Gender-disaggregated data is the foundation of a gender-responsive financial system, as it reveals how women engage with financial services and where persistent gaps remain. Such data provides the evidence needed to design appropriate products, improve fairness in credit scoring, leverage women’s strong repayment behaviour and loyalty, set and monitor gender targets, design responsive regulations, and close gaps across credit, insurance, and digital finance.

Early progress is already visible. For instance, Credit Guarantee Fund Trust for Micro and Small Enterprises (CGTMSE) increased guarantee coverage for women-led businesses from 85% to 90% based on insights drawn from gender-disaggregated data.

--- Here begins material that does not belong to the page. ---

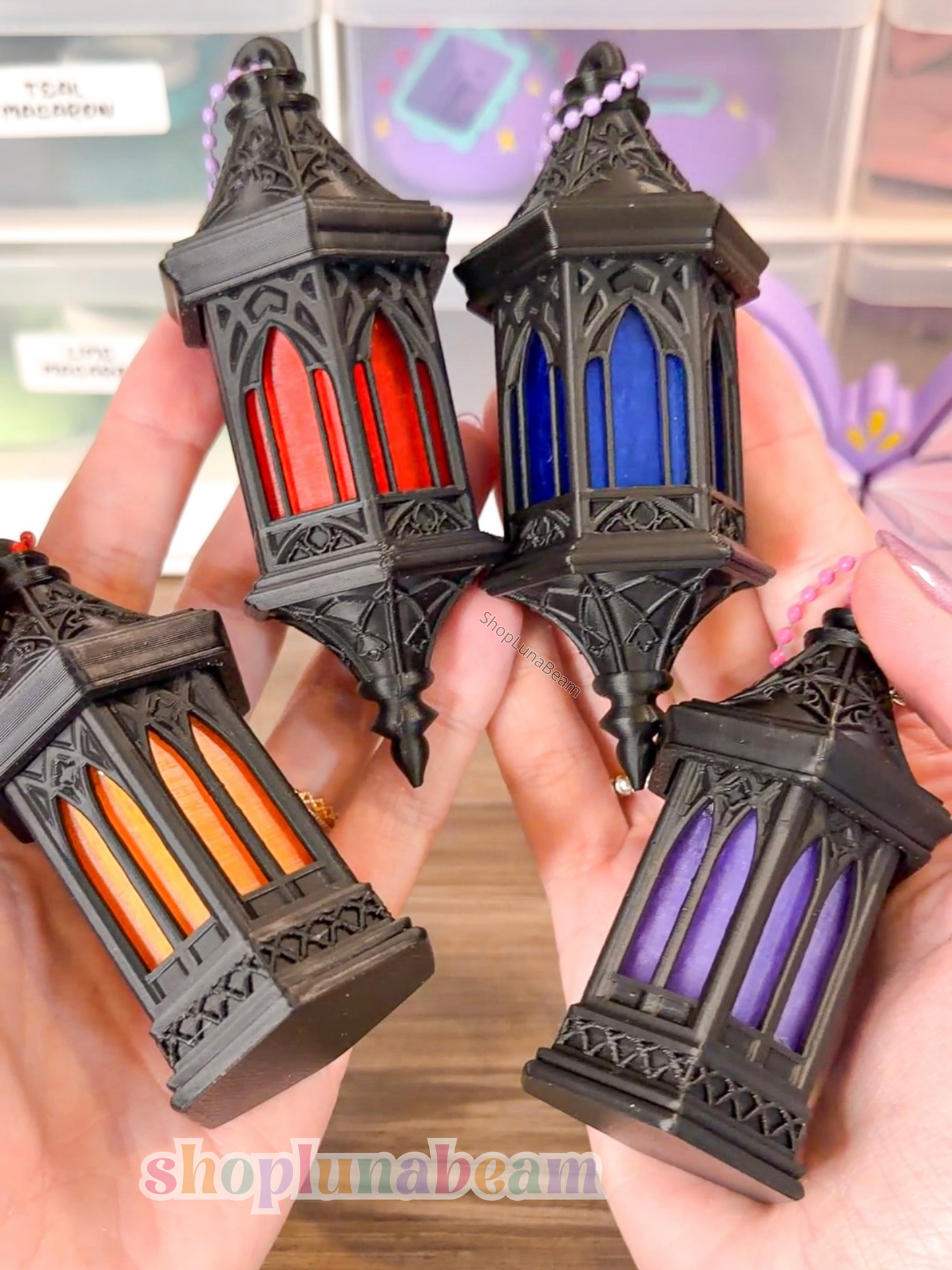 Four black lantern-shaped fidget clickers with colored glass held by hands against a blurred background.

The RBI’s FI-Index is a respected benchmark that tracks access, usage, and quality of financial services across India. It is among the few global indicators that measure quality as a distinct dimension, placing consumers at the centre of financial inclusion. Incorporating a Gender Intentionality into the FI-Index would address this gap by enabling measurement of gender-specific indicators such as account ownership, access to credit, social security enrolment, workforce diversity, and digital usage.

NABARD’s ongoing development of a Gender Intentionality Score for regional rural banks demonstrates that this approach is both feasible and impactful.

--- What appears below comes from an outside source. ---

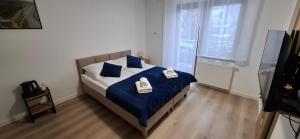 Postel nebo postele na pokoji v ubytování Willa Bianka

As digital financial services continue to expand, embedding gender-disaggregated data and a Gender Intentionality Index within the financial system would help reduce information asymmetry, improve product design, and strengthen consumer protection. It would also address the underlying causes of low female adoption of digital finance, including limited trust, lower digital confidence, and higher exposure to fraud and misinformation.

A gender-responsive FI-Index would ensure that India’s digital financial ecosystem grows with transparency, accountability, and women-centred design as national standards. Strengthening grievance redressal, financial education, responsible marketing, and digital safety is critical to building confidence among women users. Once trust is established, sustained usage follows.

Evidence consistently shows that women agents outperform men and build stronger trust within communities across product categories namely payments, savings, insurance, and credit. Women agents significantly enhance women’s uptake of financial products through savings-led engagement. Jan Dhan Plus demonstrated this across three public sector banks and regional rural banks. Women agents operating as BC Sakhis, Bima Vahaks, Vitta Sakhis, and UPI Didis are emerging as critical social infrastructure supporting India’s digital public infrastructure. Maharashtra’s State Rural Livelihood Mission found that simplified onboarding, targeted training, and strong supervisory support enabled a sixfold increase in the number of BC Sakhis across the state.

These findings confirm that a women-led distribution force – leveraging women from Self-Help Groups and Cluster-Level Federations – can transform the financial architecture for low-income women and rural households, ensuring that national financial inclusion goals translate into meaningful outcomes on the ground.

Gender intentionality is vital in India’s journey towards financial inclusion. When financial products are designed around women’s realities, when progress is tracked through gender-disaggregated data, and when women agents are positioned at the centre of delivery, access converts into consistent use and lasting economic security.

This article is authored by Kalpana Ajayan, regional head, South Asia, Women’s World Banking.